Elgar, the Longed-for Light: Elgar's Music in Wartime

Edward Elgar has a rather undeserved reputation as a stuffy composer. The obvious "Pomp and Circumstances" and high-school graduations of course come to mind, but there is much more to him than that. Listen to his "Dream of Gerontius," his symphonies, and you will get a different picture.

He of course was England's first important modern-day composer, a Romantic who wrote worthwhile music and the man who made possible the Anglo Renaissance of Vaughn-Williams, Tippet, Britten and the rest.

Today we look at a recent volume of lesser-known orchestral works that came about as his reaction to the multivalent bleakness of World War I. The Longed-for Light (Somm 247) covers nine works of short-to-medium length, each sufficient within itself but providing a cohesive program when taken in tandem.

John Wilson conducts the BBC Concert Orchestra in honest, resplendent readings of the works, some of which include a soprano part well-sung by Susan Gritton, some which incorporate the wartime poetry of Belgium resident Emile Cammaerts, that highlight speaker/orator Simon Callow in the dramatic role.
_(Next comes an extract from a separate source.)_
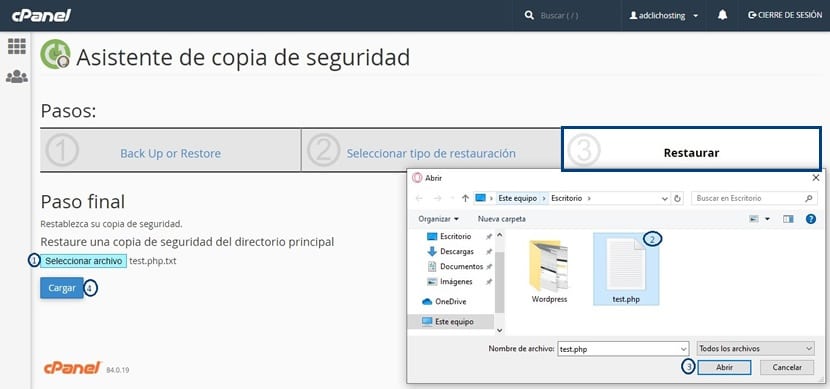 Asistente de copia de seguridad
These are works not just of stirring feelings, of steeled resignation (there are a few where that is out-front) but also of sorrow, regret and introspection.

Throughout Elgar's soaring lyricism and orchestrational prowess is well on display. John Wilson's versions are completely idiomatic and movingly captivating.

This may not be the first Elgar you should get, but it is a welcome addition to anyone who wishes to know the composer in greater depth.

And in a time when the wars seem never-ending, it provides suitable music for rumination.